L’ambientazione bohémienne dell’opera rispecchia incredibilmente la situazione di vita di molti giovani d’oggi, che si arrabattano allegramente per arrivare a fine mese, così una volta fuori dal teatro abbiamo chiesto ad un ragazzo del pubblico le sue impressioni sullo spettacolo. Questo è quello che ci ha raccontato.
Come hai saputo dello spettacolo?
È stato per caso. Mi hanno proposto di andare a teatro e visto che non c’ero mai stato ho colto l’occasione per fare una cosa nuova. Non avevo idea di come sarebbe stato né alcun interesse o stimolo a scoprirlo non conoscendo assolutamente niente di quel mondo.
Non eri mai stato a teatro prima di stasera?

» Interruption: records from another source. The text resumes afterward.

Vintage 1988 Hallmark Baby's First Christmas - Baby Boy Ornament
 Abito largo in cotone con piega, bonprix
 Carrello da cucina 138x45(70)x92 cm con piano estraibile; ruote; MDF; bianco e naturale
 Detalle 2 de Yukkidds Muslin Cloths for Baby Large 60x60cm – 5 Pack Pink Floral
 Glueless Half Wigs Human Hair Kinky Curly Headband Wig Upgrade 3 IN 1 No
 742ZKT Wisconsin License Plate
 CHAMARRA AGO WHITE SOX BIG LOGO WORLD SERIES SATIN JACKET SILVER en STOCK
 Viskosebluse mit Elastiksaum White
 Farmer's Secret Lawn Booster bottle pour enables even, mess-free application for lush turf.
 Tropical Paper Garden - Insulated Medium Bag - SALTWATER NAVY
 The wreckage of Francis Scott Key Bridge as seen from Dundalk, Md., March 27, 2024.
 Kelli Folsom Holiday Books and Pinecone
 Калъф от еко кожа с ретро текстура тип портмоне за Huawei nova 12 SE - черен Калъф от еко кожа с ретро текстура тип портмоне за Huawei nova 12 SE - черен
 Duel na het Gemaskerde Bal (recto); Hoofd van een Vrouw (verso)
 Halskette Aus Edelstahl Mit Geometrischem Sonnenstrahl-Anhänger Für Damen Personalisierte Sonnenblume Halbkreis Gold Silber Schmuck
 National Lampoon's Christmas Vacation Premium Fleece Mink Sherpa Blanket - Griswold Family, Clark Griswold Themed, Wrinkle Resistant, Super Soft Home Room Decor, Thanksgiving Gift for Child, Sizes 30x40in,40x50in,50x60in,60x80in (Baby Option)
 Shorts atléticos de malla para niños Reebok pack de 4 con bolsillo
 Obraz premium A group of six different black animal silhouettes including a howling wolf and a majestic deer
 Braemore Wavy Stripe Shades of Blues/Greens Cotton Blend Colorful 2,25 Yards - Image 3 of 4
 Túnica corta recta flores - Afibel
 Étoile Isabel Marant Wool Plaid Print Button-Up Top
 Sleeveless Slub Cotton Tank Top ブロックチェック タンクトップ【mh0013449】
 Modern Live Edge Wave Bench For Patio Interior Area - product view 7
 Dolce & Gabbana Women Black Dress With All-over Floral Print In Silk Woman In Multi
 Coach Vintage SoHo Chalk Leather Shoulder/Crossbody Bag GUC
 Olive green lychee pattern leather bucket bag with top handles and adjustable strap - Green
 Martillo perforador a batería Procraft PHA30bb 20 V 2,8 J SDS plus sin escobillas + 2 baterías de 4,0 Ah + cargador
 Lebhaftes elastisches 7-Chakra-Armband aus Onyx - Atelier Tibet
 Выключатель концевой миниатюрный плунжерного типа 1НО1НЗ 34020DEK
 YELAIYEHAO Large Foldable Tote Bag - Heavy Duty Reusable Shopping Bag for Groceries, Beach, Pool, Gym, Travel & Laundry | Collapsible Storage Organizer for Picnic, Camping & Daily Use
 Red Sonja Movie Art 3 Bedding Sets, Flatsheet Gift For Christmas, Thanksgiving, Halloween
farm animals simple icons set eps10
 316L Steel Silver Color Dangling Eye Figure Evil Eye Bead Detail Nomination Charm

Ho interessi diversi. Non mi piace stare seduto per ore a guardare gli altri che fanno. Sono una persona attiva e preferisco fare. E poi ho sempre pensato che il teatro fosse un po’ al di fuori del mio ambiente sociale di appartenenza, come tutte le cose per cui bisogna mettersi la camicia.
Che impressione ti ha fatto la tua “prima volta”?
Ho sentito un’attenzione crescente nei confronti di quello che succedeva sul palcoscenico. Ero sempre più concentrato, si era creata tutta un’atmosfera particolare e nuova su cui si era catalizzata tutta la mia attenzione. E quando si sono accese le luci dopo l’ultimo quadro e mi sono ritrovato fuori dal teatro mi sono sentito come se fosse appena finita un’esperienza di realtà virtuale. Come se mi fossi appena tolto l’Oculus e fossi tornato alla realtà. È stato veramente coinvolgente.
Andare a vedere un’opera lirica come primissimo spettacolo a teatro è una scelta particolare, la rifaresti?
Nella mia testa il teatro era un posto in cui gli attori recitano, cantano e ballano. Che tutti gli spettacoli fossero come i musical, insomma. Nell’opera si canta sempre, e per sottolineare un momento drammatico si usano i silenzi. Adesso vorrei vedere un musical, per vedere che effetto fa l’opposto, l’uso della musica e delle coreografie solo nei momenti cruciali della storia.
Il canto continuo è stato un po’ stancante, perché all’inizio non si capisce benissimo quello che dicono i cantanti – specialmente le donne – e si tende a concentrarsi troppo per riuscire a capire e si finisce per perdersi quello che succede sul palco.
Ci torneresti, o lo consiglieresti alle persone che conosci?
Sì. Forse per come è costruito, forse per l’atmosfera che si crea sul palcoscenico e in platea, il teatro ti avvolge, ti ipnotizza e non puoi fare a meno di perderti nella storia che viene raccontata sul palco, di immergerti completamente e farti rapire dai sentimenti dei personaggi. È una sensazione che tutti dovrebbero provare almeno una volta nella vita.